A Neural Network Modelling of Steel Joint Block Shear Capacity

F. Rodrigues1, L. Biondi Neto2, P.C.G. da S. Vellasco3, L.R.O. de Lima3 and M.M.B.R. Vellasco4

1Post-Graduate Program in Civil Engineering, 2Electronic Engineering Department, 3Structural Engineering Department,
State University of Rio de Janeiro, Brazil
4Electrical Engineering Department, Pontifical Catholic University of Rio de Janeiro, Brazil

Full Bibliographic Reference for this paper
F. Rodrigues, L. Biondi Neto, P.C.G. da S. Vellasco, L.R.O. de Lima, M.M.B.R. Vellasco, "A Neural Network Modelling of Steel Joint Block Shear Capacity", in B.H.V. Topping, (Editor), "Proceedings of the Ninth International Conference on the Application of Artificial Intelligence to Civil, Structural and Environmental Engineering", Civil-Comp Press, Stirlingshire, UK, Paper 26, 2007. doi:10.4203/ccp.87.26
Keywords: block shear, steel structures, neural networks, back-propagation, parametric analysis, bolted joints.

High strength bolts are extensively used to connect steel structural elements in a great variety of applications. The joint resistance is generally achieved, due to the bolt high strength, with a reduced number of bolts, located in a small plate area. This fact induces the bolted connections to be associated to a failure mode known as block shear where a block area of the connected element is separated from the remaining parts.

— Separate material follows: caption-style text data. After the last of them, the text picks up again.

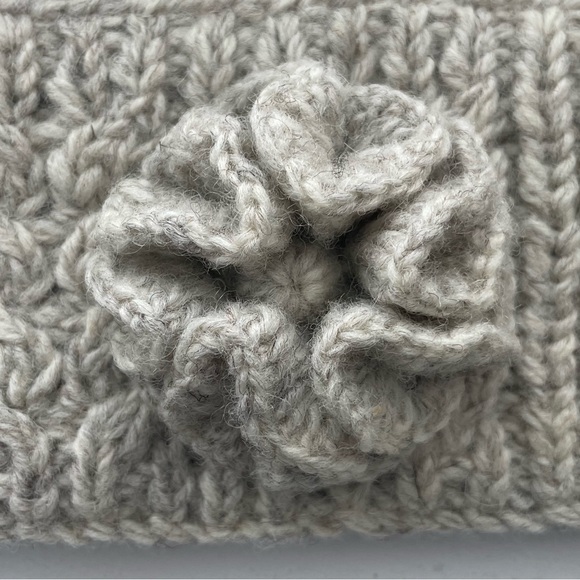 Erin Knitwear Crochet Headband - Picture 6 of 10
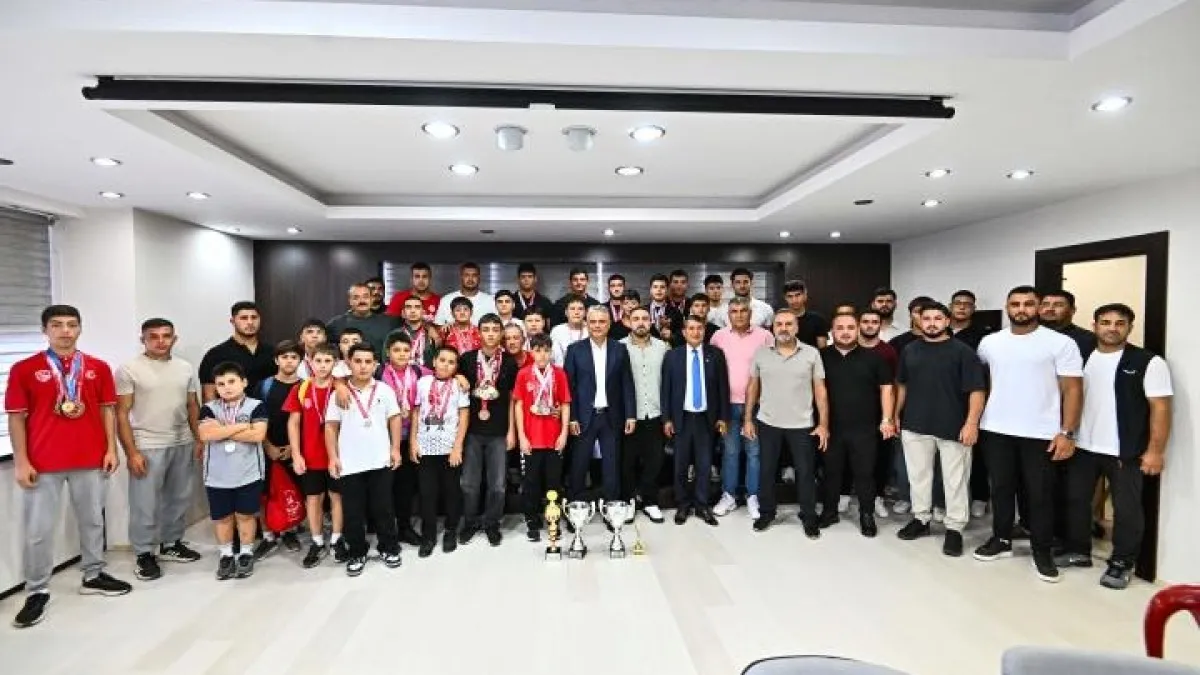 Başkan Uysal Muratpaşa Belediyespor Güreşçileriyle Bir Araya Geldi - Antalya Haber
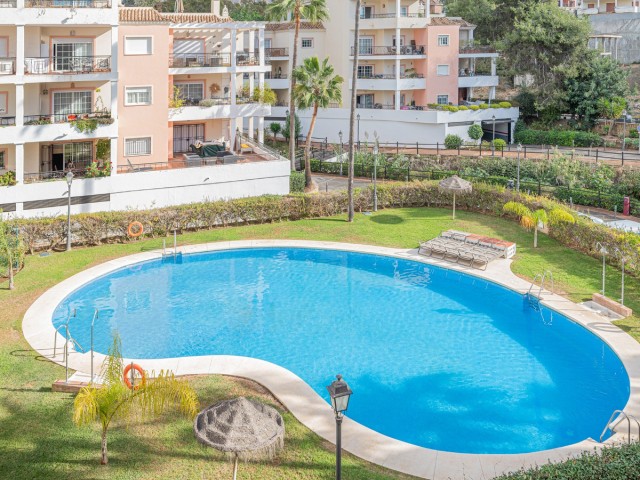 2 Bedrooms Apartment in Nueva Andalucía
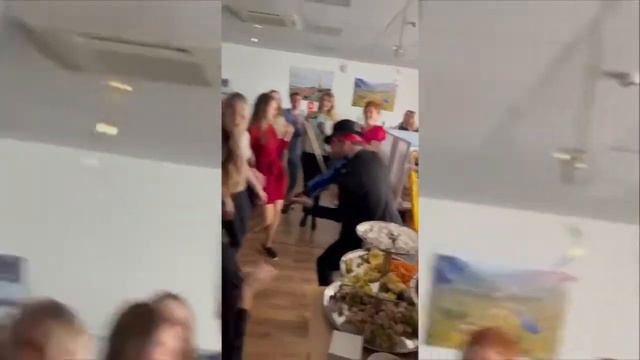 Корпоратив в офисе  Ведущий на корпоратив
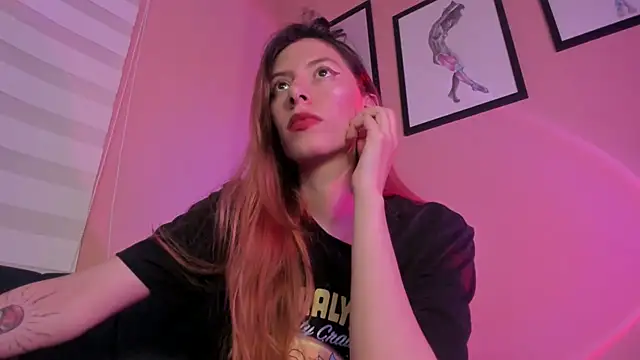 Snapshot of SensualJane2 chatting on June 7, 5:44 am SensualJane2 online show from June 7, 5:44 am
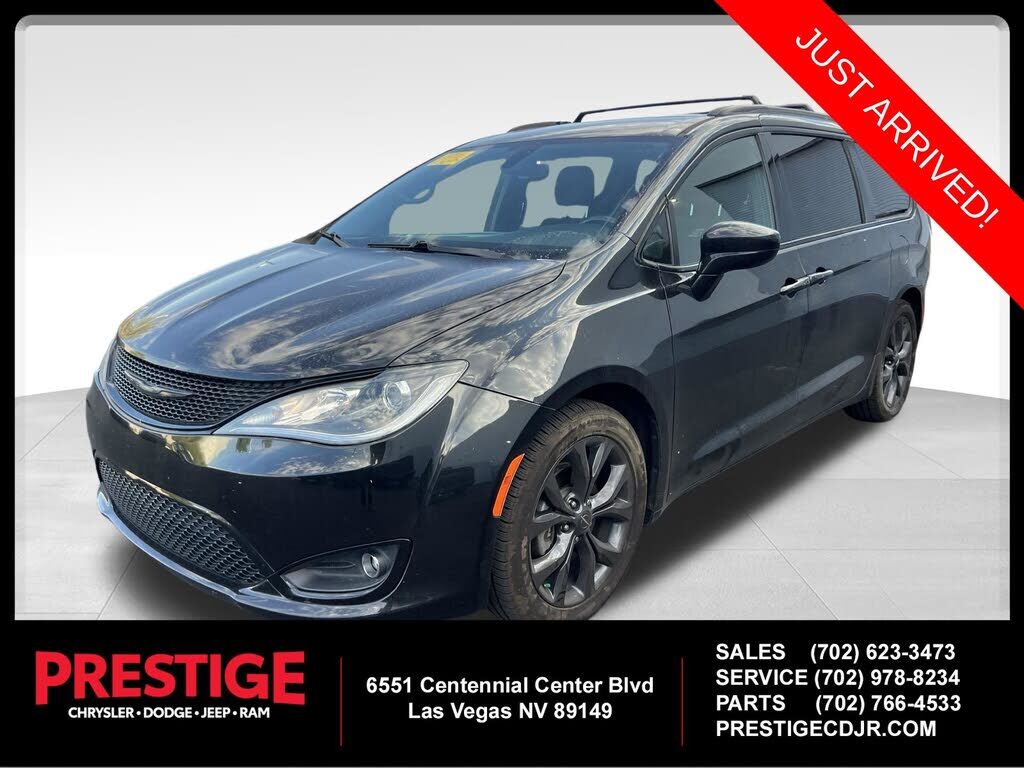 2020 CHRYSLER Pacifica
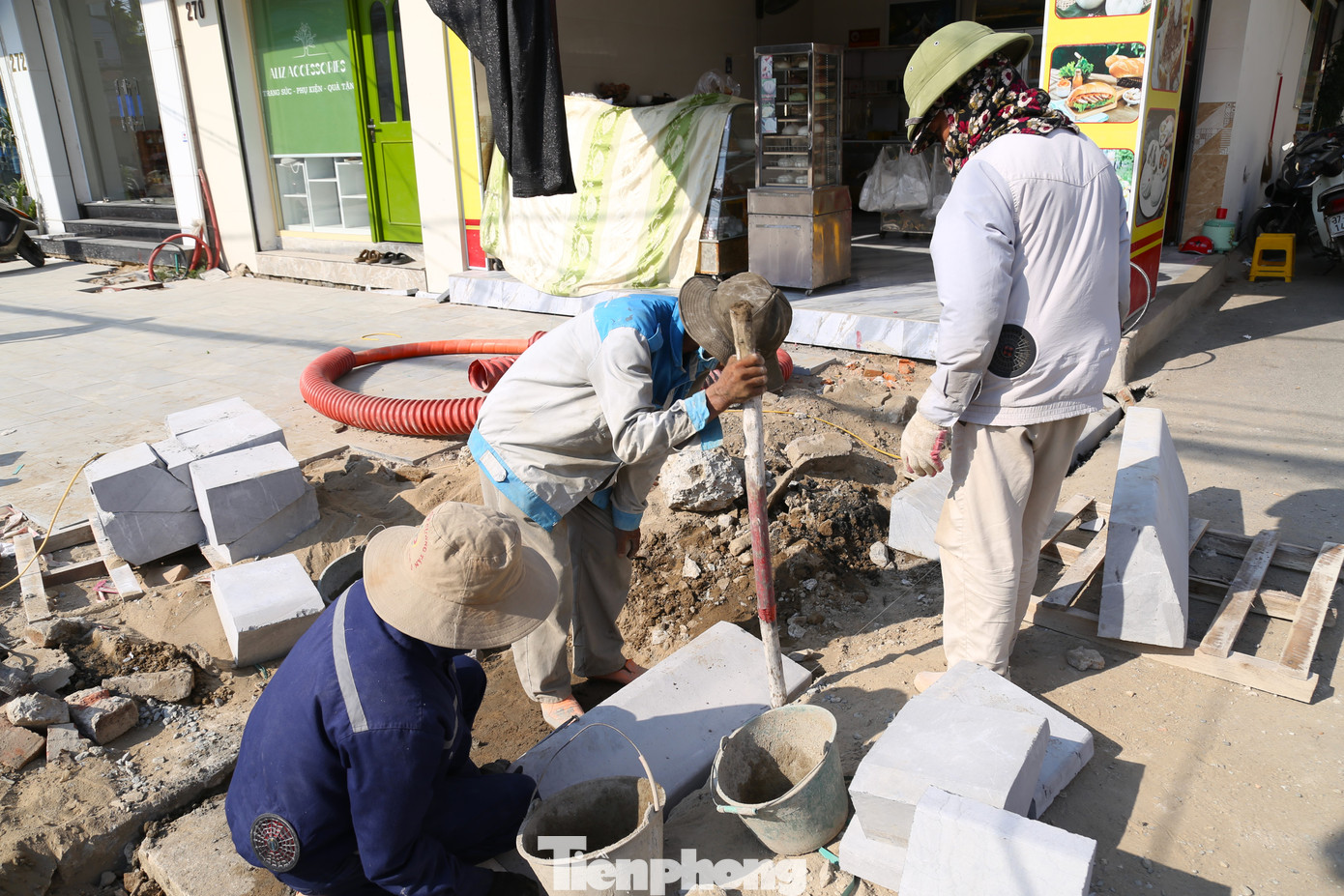 Tại những công trình đang thi công, thợ xây, người phụ hồ căng mình giữa nắng nóng để kịp hoàn thành tiến độ được giao.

Many models have been proposed to avoid shear block failure in steel design. These models incorporate a combination of the various hypotheses that control the structural rupture. In the majority of cases it involves a combination of rupture and yielding in the tension and shear planes of the designed joint. Various design formula for this structural engineering problem were proposed all over the years but a closed solution has not yet been reached, due to the influence of several independent parameters. Many studies [1,2,3,4], have already been carried out with the available experimental data, however, non negligible errors are still present in the current design formulae.

The main objective of the present paper is to present a back propagation neural network evaluation of the block shear phenomenon. The main neural network input parameters were the geometrical and material variables that control the block shear design. The neural network output parameter was the block shear capacity.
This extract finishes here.